Monday, February 18, 2013

A Real Champion Rebelle Goes To Bat About The Rebelle Line.

I felt, this subject of Nerf blasters for girls needed an honest point of view of the subject, too many articles by men, no good ones I have seen from women.  So who did I seek for a opinion on the Nerf Rebelle line, 2 time, back to back, Southern California Humans Vs. Zombies MVP, Ferris Mcintyre.  Me and such friends as Basic Nerf and the Norwalk Regional Nerf Leauge encourage her to keep playing Nerf,  kicking ass, kill zombie heads, and just all out demolish her opponents with a Nerf Rayven.  So without further adue...   

A Rebelle's Point Of View, By Ferris Mcintyre.   

Many toy brands focus on either a boy or girl audience, making specific toys for specific genders. All of the time growing up, I would hear remarks about my love of playing with a "boy's toy." I never understood that these were separate, and I still don't. Today I play with Nerf blasters as often as I can and love it. I do admit that in someways having a line of blasters aimed at girls would be nice, but at the same time is it really necessary? If the guns were designed for girls some of the problems that I am experiencing could be solved, but others could also arise. I hope Nerf has some new ideas about the style of guns needed for the line, more than just paint. Although girls can and have played with the previously existing blasters, the new line could potentially help get more girls interested in Nerf despite the controversy it may provoke. 

                As the girls became older, they stop playing with “a boy’s toy,” to move onto what toys were available to girls, toys deigned for indoor play with long periods spent sitting down. The designers at Nerf have realized this and have decided to make a blaster line specifically for girls, but will it help them become equal on the playing field as they predicted? Some say that making the toys separate demotes the girl players, while others say it will encourage them. Whichever the case, I hope more players come forward and all are able to have a great playing experience. 

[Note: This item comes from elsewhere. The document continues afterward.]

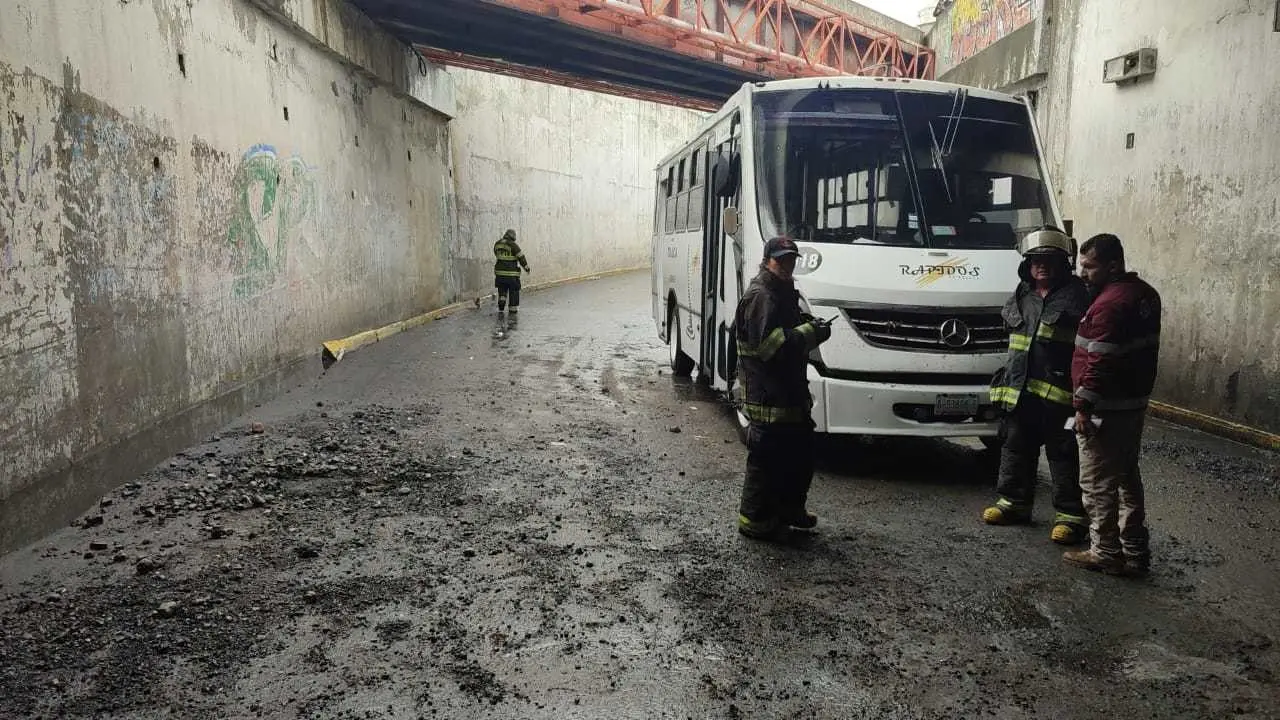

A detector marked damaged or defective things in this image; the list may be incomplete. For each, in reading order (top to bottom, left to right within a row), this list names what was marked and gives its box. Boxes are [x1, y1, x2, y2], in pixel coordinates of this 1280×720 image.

damaged road surface [2, 272, 1280, 716]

                Despite this forward movement for the girl blaster-loving community, there are several problems faced with the transition from boy to girl blaster models. The first one being size and shape of the gun, another being the types of guns available and the last being the accessories needed for the new girl blasters.

                Some of the blasters already in circulation have thicker, heavier handles than are wanted in a blaster specifically for girls. In the Rebelle blasters I have seen online, this has already been changed to improve the handling and use of the guns. The second change for the Reblle blasters would be to move the release button for clips closer to the clips themselves. As they are in the N-Strike, I either find it hard to reload without using both hands because they are too far apart or are too hard to release while pulling the clip out. Nerf should not be afraid to make Rebelle blasters with a clip system in it, as long as they consider the target audience’s attributes.

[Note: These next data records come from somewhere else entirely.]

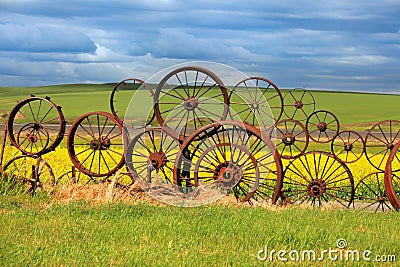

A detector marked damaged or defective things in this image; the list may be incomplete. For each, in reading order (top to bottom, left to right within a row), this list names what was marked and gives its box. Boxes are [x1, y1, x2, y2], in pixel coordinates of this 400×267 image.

rusty metal wheel [1, 155, 54, 195]
rusty metal wheel [6, 96, 65, 156]
rusty metal wheel [67, 111, 125, 178]
rusty metal wheel [110, 78, 155, 126]
rusty metal wheel [125, 129, 178, 187]
rusty metal wheel [153, 66, 228, 141]
rusty metal wheel [173, 121, 282, 203]
rusty metal wheel [228, 77, 284, 129]
rusty metal wheel [268, 120, 310, 160]
rusty metal wheel [282, 89, 316, 122]
rusty metal wheel [282, 152, 354, 208]
rusty metal wheel [304, 110, 340, 143]
rusty metal wheel [330, 130, 364, 163]
rusty metal wheel [354, 173, 392, 213]
rusty metal wheel [364, 121, 400, 173]
rusty metal wheel [382, 142, 400, 211]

                The simplest way for Nerf to create a new line of girl blasters would be to not create them at all. If they just used the same models in different colors that would be enough right? Wrong. If the Rebelle line had the exact same blasters, even with the helpful modifications, it would not be enough to motivate little girls to buy them. Many of the girls who would be interested in the line most likely already have a Nerf blaster or two. What girls really want (especially me) would be a line that is created for them, with separate blasters in all different styles and options, without giving up any of the power the N-Strike blasters have.  

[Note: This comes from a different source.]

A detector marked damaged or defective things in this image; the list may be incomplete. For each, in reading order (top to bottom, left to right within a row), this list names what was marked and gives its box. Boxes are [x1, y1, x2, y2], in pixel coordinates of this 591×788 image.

                 Lastly, if you are a serious Nerf player, and a girl, you have come to realize that there are some complications when playing. One of which, is finding a place to hold your primary and secondary gun. Normally I find players have a type of vest to hold everything. I am not a very big girl, reaching only 5'1 on my best days and no more than 105 pounds, so carrying a heavy vest with a million clips, a secondary gun and everything else needed for a good Nerf game on my shoulders would not be very productive. Also considering the older group of girls who may be playing, this is not possible due to their body shape. What I suggest instead is a new style of vest for the older girls. However, this is just not likely to take off because of the odd style and awkward feeling it would give, so a belt holster or a leg holster would work much better. Think of how amazing a police style belt for the secondary gun would be. The leg holster I have already seen on a girl who made it out of tape and cardboard. It survived the whole game that way and got her out of a few situations. I myself would love to see these take off with girls and guys who need more room for gear. 

                I hope that as a serious Nerf player the people at Hasbro will consider the thoughts of both young and older girls when creating the new line. The changes in these blasters have been long awaited and will be appreciated among the true players of the game. I can now pass down all of my Nerf guns to my young girl family members and know they will be loved. So many young girls would be happy to see this take off, almost as happy as all of the older girls who have waited for it all this time, will be.